A separate register can track the beginning; this is the oldest data that hasn't been overwritten yet. If you went to read out the data this is where you would start.
The data writer then would check, given the write-start address and the length of data its about to commit, if it should bump the read register, which would examine the first block and see the length, and advance to the next record, until there is enough room to write whatever the data is. There will be a gap of junk data that lives between the end of the written data and the start of the oldest data, probably. But this way, you can just be writing an address or two as overhead, and not rearranging blocks.
At least, that's probably what I would do. HTH
The "circular" in a flash can be done on basis of block size, which means that you must declare how much blocks of the flash you allocate for this buffer.
The actual size of the buffer will be at each particular time between n-1 (n is the number of blocks) and n.
Each block should start with an header that contains sequential number or timestamp that could be used to determine which block is older than the other.
Each Item encapsulated with an header and a footer. the default header contains whatever you want but according to this header you must know the size of the item. The default footer is 0xFFFFFFFF. This value indicates a null termination.
In your RAM you must save a pointer to the oldest block and the latest block and pointer to the oldest item and latest item. On power up you go over all blocks find the relevant blocks and load this members.

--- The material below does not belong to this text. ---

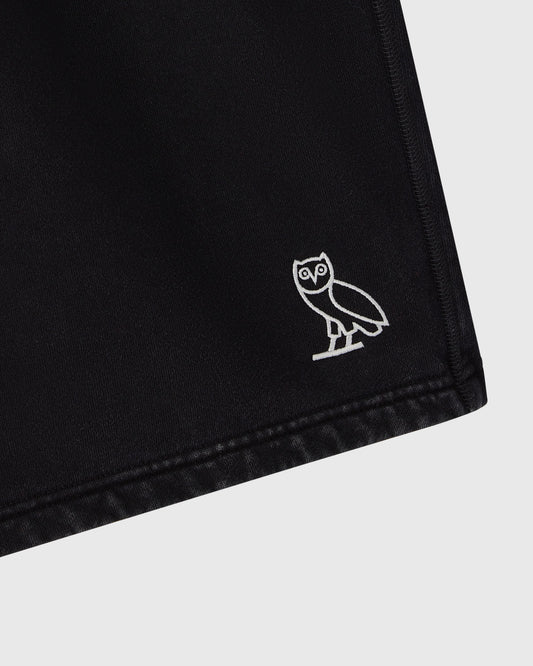 Black sweatshorts with white owl embroidery on the leg and stitched hem detail.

When you want to store a new item, you check if the latest block contain enough space for this item. If it does you save the item at the end of the previous item and the change the previous footer to point to this item. If it does not contain enough space you need to erase the oldest block. Before you erase this block change the oldest block members (RAM) to point on the next block and the oldest item to point on the first item in this block.
Then you can save the new item in this block and change the footer of the latest item to point this item.
I know that the explanation may sounds complicated but the process is very simple and if you write it correct you can make it even power fail safe (always keep in you mind the order of the writes).
Pay attention that the circularity of the buffer is not saved in the flash but the flash only contains a blocks with items that you can decide according to the blocks headers and items headers what is the order of these items
I see three options:
option1: is to pad everything out to the same size, this is simple, store a pointer to the head and tail of the buffer so you know where to write and where to start reading from, use the size of each object to get an offset to the next, this means you need to transverse the buffer as you would a linked list, aka its slow if you need item 5000.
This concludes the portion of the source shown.